The first bridge on the site was known as the Canal Bridge, named after the Middlesex Canal which ran from the Charlestown Mill Pond to Middlesex Village in East Chelmsford Massachusetts; later p/o Lowell. As an investment, businessman Andrew Craigie purchased the largely undeveloped farmland on the Cambridge side around Lechmere Point from various owners in preparation for building the bridge. The investors incorporated in 1807 with a charter to build a bridge from Leverett Street in the West End, Boston to the eastern end of Lechmere Point. One-third of shares were owned by the Middlesex Canal Corporation. The bridge opened in 1809, and came to be known as Craigie's Bridge. The construction of the bridge prompted the laying out of roads to the center of Cambridge and Somerville/Medford.
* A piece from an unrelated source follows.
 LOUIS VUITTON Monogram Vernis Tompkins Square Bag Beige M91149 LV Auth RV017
Craigie and associates, who formed the Lechemere Point Corporation, benefited from the building boom that followed, spurred on by their efforts to expand the public street grid. Residential cross streets were constructed and some were named after investors. The bridge was sold to the Hancock Free Bridge Corporation in 1846, and became toll-free on January 30, 1858. The current bridge was constructed in 1910, along with the dam that turned the lower Charles River from a tidal estuary into a fresh-water basin. This reduced the problematic odor from raw sewage flowing into the river by keeping the formerly tidal lands covered with water. It was completed on June 30, and greeted with a two-hour fireworks display that Fourth of July. Thousands of people watched from the new Boston Embankment, which took the place of the former tidal flats. Construction of the Museum of Science began on the dam in 1948, and finished in 1951.
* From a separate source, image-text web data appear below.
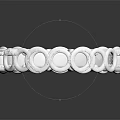 Elegant Silver Fashion Ring With Round Gemstones On Simple Curved Metallic Band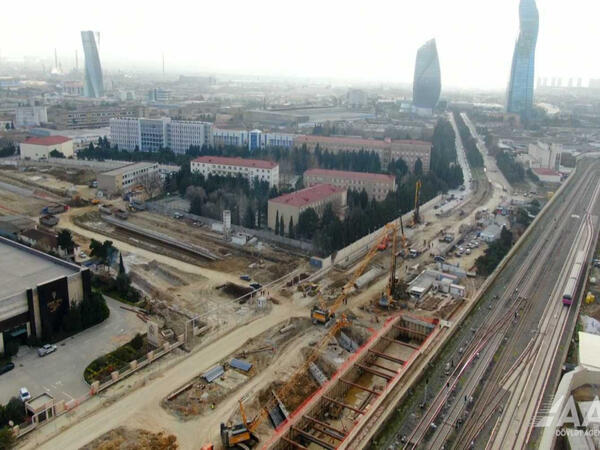 Bakıda yeni avtomobil yolunun tikintisi davam etdirilir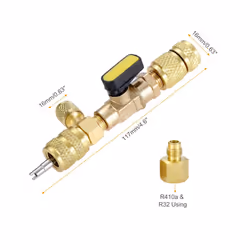 Car Interior R410A Valve Core Remover/Installer with Dual Size SAE 1/4 - KIT2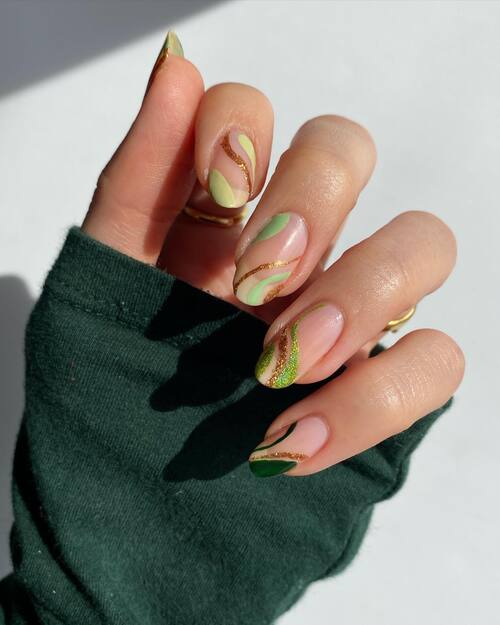 simple st patricks day nails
2010–2011 construction project
The MassachusettsDepartment of Transportation completed a 2-year project to rehabilitate the Craigie Bridge and to completely replace the drawbridge in 2011. The project required the closure of the Boston-bound lanes from November 6, 2010, through mid December 2010, and again from early February 2011 through mid-April 2011, necessitating traffic detours. This was paid for out of borrowed funds as part of the statewide Accelerated Bridge Program.
In November 2018, a Boston University graduate student was killed by a dump truck while bicycling on the bridge as both turned right onto Museum Way. The next month, MassDOT announced that dedicated bicycle signals and protected bicycle lanes would be added in summer 2019, dropping automobile traffic to two lanes in each direction.